In several applications of the stochastic multi-armed bandit problem, the traditional objective of maximizing the expected total reward can be inappropriate. In this paper, motivated by certain operational concerns in online platforms, we consider a new objective in the classical setup. Given $K$ arms, instead of maximizing the expected total reward from $T$ pulls (the traditional "sum" objective), we consider the vector of total rewards earned from each of the $K$ arms at the end of $T$ pulls and aim to maximize the expected highest total reward across arms (the "max" objective). For this objective, we show that any policy must incur an instance-dependent asymptotic regret of $\Omega(\log T)$ (with a higher instance-dependent constant compared to the traditional objective) and a worst-case regret of $\Omega(K^{1/3}T^{2/3})$. We then design an adaptive explore-then-commit policy featuring exploration based on appropriately tuned confidence bounds on the mean reward and an adaptive stopping criterion, which adapts to the problem difficulty and achieves these bounds (up to logarithmic factors). We then generalize our algorithmic insights to the problem of maximizing the expected value of the average total reward of the top $m$ arms with the highest total rewards. Our numerical experiments demonstrate the efficacy of our policies compared to several natural alternatives in practical parameter regimes. We discuss applications of these new objectives to the problem of grooming an adequate supply of value-providing market participants (workers/sellers/service providers) in online platforms.

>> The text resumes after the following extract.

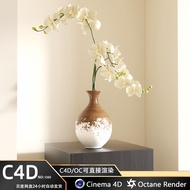 C4D Indoor Living Room Decoration Vase Flower Pot Orchid OC Rendering Engineering File Model File wi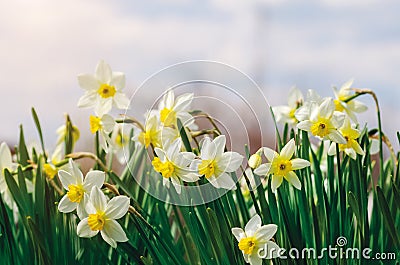 Beautiful daffodil flowers growing in a spring garden Stock Photo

翻译：在随机多臂老虎机问题的若干应用中，最大化期望总回报的传统目标可能并不恰当。本文受在线平台特定运营问题的启发，在经典框架下考虑了一个新目标。给定K个臂，我们不再追求T次拉动中期望总回报的最大化（传统"求和"目标），而是考虑T次拉动结束后各臂获得的总回报向量，并旨在最大化各臂中最高期望总回报（"最大化"目标）。针对该目标，我们证明任何策略必然产生实例依赖的渐近遗憾Ω(log T)（其实例依赖常数高于传统目标），以及最坏情况遗憾Ω(K^{1/3}T^{2/3})。随后我们设计了一种自适应探索-提交策略，该策略基于适当校准的均值置信区间进行探索，并采用自适应停止准则以适应问题难度，最终达到了这些界限（对数因子范围内）。我们进一步将算法洞见推广至最大化前m个最高总回报臂的平均期望总回报问题。数值实验表明，在实际参数范围内，我们的策略相较于多种自然替代方案具有显著优势。最后，我们讨论了这些新目标在在线平台中培育充足优质市场参与者（工人/卖家/服务提供者）供给问题上的应用。